A diferencia de aquella noche del 2 de julio de 2006, ahora no hubo dudas, ni reclamos, ni sospechas sobre los resultados. Ni siquiera hubo que esperar los datos oficiales. Bastó que las encuestas de salida confirmaran la victoria de López Obrador para que minutos después Anaya y Meade reconocieran la derrota. Peña Nieto felicitó al ganador y López Obrador agradeció el apoyo del presidente. Las encuestas acertaron. Hasta Fox y Calderón se sumaron a las felicitaciones. Se vivió una civilidad democrática inédita en el país.
López Obrador se puso de inmediato el traje de presidente. Sereno, dio un primer mensaje conciliador, dirigido más a quienes no lo votaron y a tranquilizar a empresarios e inversores que suelen preocuparse con políticos progresistas.

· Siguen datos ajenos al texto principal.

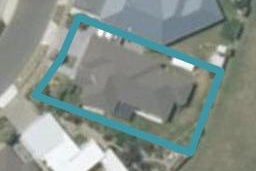 61 Northwood Avenue, Mahora, Hastings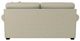 La-Z-Boy® Olson Porcelain Full Sleeper Sofa-4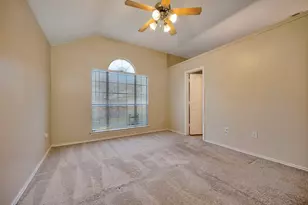 5405 Glacier Ct, Fort Worth, TX 76137 - Photo 17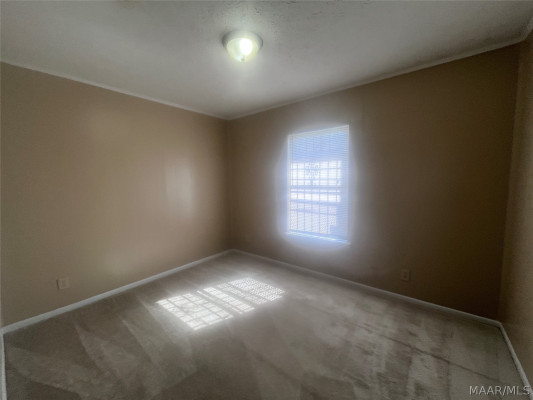 4313 MEADOWBRIAR Court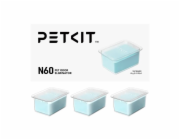 PETKIT Pet Odor Eliminator  N60 (P9224)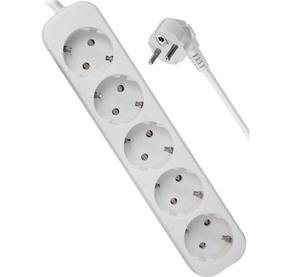 Удлинители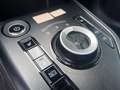Kia Niro EV 204ch Premium - thumbnail 13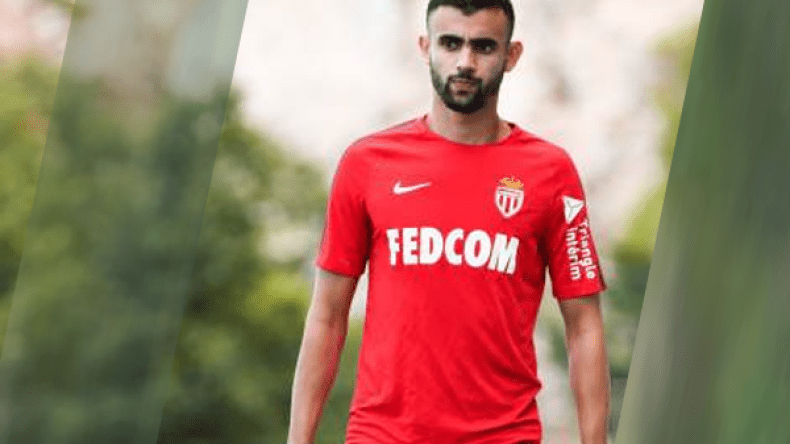 غزال يطمئن ألكاراز و”ليكيب” تشيد بالعودة القوية له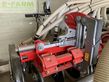 Sembradora monograno mecanica -  - aerosem 4002 fdd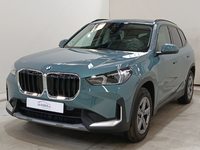 Náhled zpředu zleva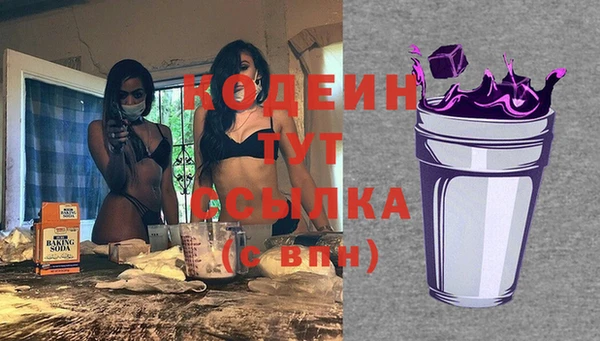 марки lsd Новозыбков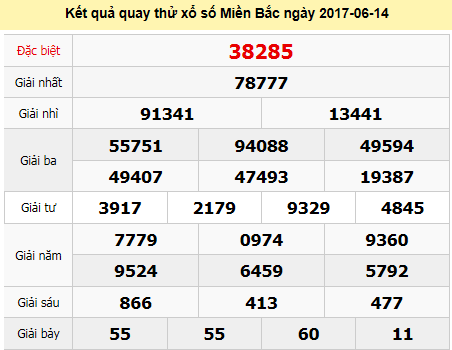 kqmb.PNG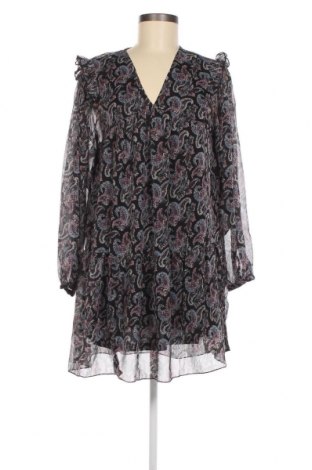 Φόρεμα ONLY, Μέγεθος XS, Χρώμα Πολύχρωμο, Τιμή 10,86 €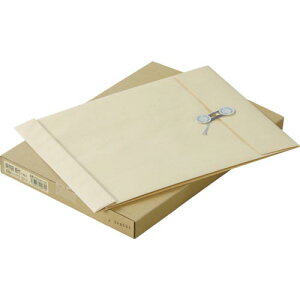 �L���O�R�[�| �ۑ��� �R�t10 �p�`2��120g ( K2KHH120 ) (��)�L���O�R�[�|���[�V����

Bien sabe “El Peje” que su figura polariza, que lo aman y lo odian, que casi medio país no votó por él.
Aseguró que su gobierno no será una dictadura “abierta ni encubierta”, no confiscará ni expropiará bienes y desterrará la corrupción y la impunidad: “sobre aviso no hay engaño, sea quien sea será castigado, incluso compañeros de lucha, funcionarios, amigos y familiares”. Con un toque a demagogia, insistió en que no usará los aviones ni helicópteros presidenciales ni la custodia oficial, no vivirá en la suntuosa residencia presidencial y viajará lo menos posible al extranjero para ahorrar recursos públicos.
Repitió, también, el mantra que lo ha acompañado durante toda su carrera política: “Por el bien de todos, primero los pobres”. Antes de reunirse en el Zócalo con una multitud que, al igual que él, espero doce años esta noche triunfal, volvió a garantizar que gobernará con rectitud y justicia: “No les fallaré. No voy a decepcionarlos. No voy a traicionar al pueblo. Mantengo ideales y principios pero tengo una ambición legítima: quiero pasar a la historia como un buen presidente de México. Deseo, anhelo con toda mi alma poner en alto la grandeza de nuestra patria, ayudar a construir una sociedad mejor”.
Fue un discurso bien pegado a la izquierda. A partir del 1 de diciembre, cuando Peña Nieto le coloque la banda presidencial, los mexicanos empezaremos a ver si cumple o si se transforma en una nueva desilusión.